Docling Application Tutorial

After trying different document parser projects, I am going to dive into IBM's open-source project Docling. I will introduce the most important modules and classes in this project.

Docling Application Tutorial

Important Docling Modules

The docling.document_converter module in the Docling project is the core module responsible for converting documents (like .docx, .pdf, .txt, etc.) into Docling’s structured format like .md or .json. Here are the list of Class in docling.document_converter module:

  • DocumentConverter – A high-level Python class designed for converting documents into a structured DoclingDocument format.
  • ConversionResult – Object returned by DocumentConverter.convert() method.
  • FormatOption – Serves as the base class for all format-specific options passed to DocumentConverter. As an abstract base class, FormatOption cannot be instantiated directly. Instead, it is subclassed for specific formats, such as PdfFormatOption for PDF documents or WordFormatOption for Word documents.
  • InputFormat – Represents the supported input file formats that DocumentConverter can process. Each attribute of the InputFormat class represents a distinct supported document type:PDF, DOCX, PPTX, HTML, .ect
  • PdfFormatOption – A specialized subclass of FormatOption, designed specifically to configure options for PDF document conversion within the docling framework. The backend attribute dictates the document backend responsible for handling PDF processing. The model_config attribute enables the use of arbitrary types within the model's configuration.
  • ImageFormatOption – It is used to configure settings specific to image document conversion (e.g., PNG, JPEG, TIFF) within the DocumentConverter pipeline. This class enables customization of how image-based documents are processed, particularly for tasks like Optical Character Recognition (OCR) and other image-specific parsing requirements.
  • WordFormatOption –It is designed to configure settings specific to Microsoft Word document conversion (e.g., .docx files) within the DocumentConverter pipeline. This class allows customization of how Word documents are processed, such as extracting text, tables, or other content during conversion.
  • PowerpointFormatOption 
  • MarkdownFormatOption 
  • HTMLFormatOption 
  • SimplePipeline – The SimplePipeline class is particularly useful for users who want a straightforward way to set up a document conversion workflow without manually configuring every aspect of the DocumentConverter and its associated options.
  • StandardPdfPipeline –This is the default internal processing pipeline used by Docling to parse and convert PDF documents into structured Doc objects.

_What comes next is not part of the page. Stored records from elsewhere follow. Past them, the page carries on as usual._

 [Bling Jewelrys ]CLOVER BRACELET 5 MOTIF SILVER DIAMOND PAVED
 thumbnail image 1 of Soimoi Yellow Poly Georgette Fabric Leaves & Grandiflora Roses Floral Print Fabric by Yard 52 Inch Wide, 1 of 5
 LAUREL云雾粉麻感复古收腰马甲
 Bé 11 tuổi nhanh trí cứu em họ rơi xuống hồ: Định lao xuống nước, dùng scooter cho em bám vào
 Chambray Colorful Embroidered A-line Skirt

The docling.datamodel.pipeline_options module in the Docling library provides classes for configuring document conversion pipelines used by the DocumentConverter. Here are the list of Class in docling.datamodel.pipeline_options module:

Simple Conversion

This is an simple example from Docling's documentation.

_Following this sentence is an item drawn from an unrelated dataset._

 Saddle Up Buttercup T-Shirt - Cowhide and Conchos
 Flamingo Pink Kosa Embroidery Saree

# Imports the DocumentConverter class from the docling library.
from docling.document_converter import DocumentConverter

# Defines the URL of the PDF document to be converted.
source = "https://arxiv.org/pdf/2408.09869"  

# Create an instance of the DocumentConverter class.
converter = DocumentConverter()

# Call the convert method of the DocumentConverter object.
result = converter.convert(source)

# Call the export_to_markdown method of the document object to get the markdown representation of the document.
markdown = result.document.export_to_markdown()
print(markdown)

The method DocumentConverter().convert() is the main entry point to convert documents (like .docx, .pdf, or .html) into a structured internal format that can then be exported (e.g., to Markdown, JSON, etc.). This method returns an object of type ConversionResult object. This ConversionResult object contains several useful properties, including:

  • .document(DoclingDocument) : The main parsed document as a DoclingDocument object, which you can export to Markdown, JSON, or other formats.
  • .status(ConversionStatus) : The conversion status (e.g., success, partial success, failure).
  • .errors(List[ErrorItem]) : Any errors encountered during conversion.
  • .input(InputDocument) : Meta information about the input document.

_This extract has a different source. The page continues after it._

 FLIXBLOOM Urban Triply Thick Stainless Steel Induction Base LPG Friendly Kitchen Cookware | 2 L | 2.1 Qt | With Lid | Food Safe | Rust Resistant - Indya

The DoclingDocument class in the Docling Python library is a core data model representing a unified document structure. It is defined as a Pydantic model and serves as the central representation format for parsed and processed documents, regardless of the original input format (PDF, DOCX, HTML, images, etc.). DoclingDocument provides numerous methods for document manipulation and export:

  • export_to_markdown()
  • export_to_html()
  • export_to_document_tokens() (DocTags)
  • export_to_dict()
  • save_as_markdown – Save to markdown.

PDF to Markdown Conversion

There is another example that refers to custom conversion from docling's documentation.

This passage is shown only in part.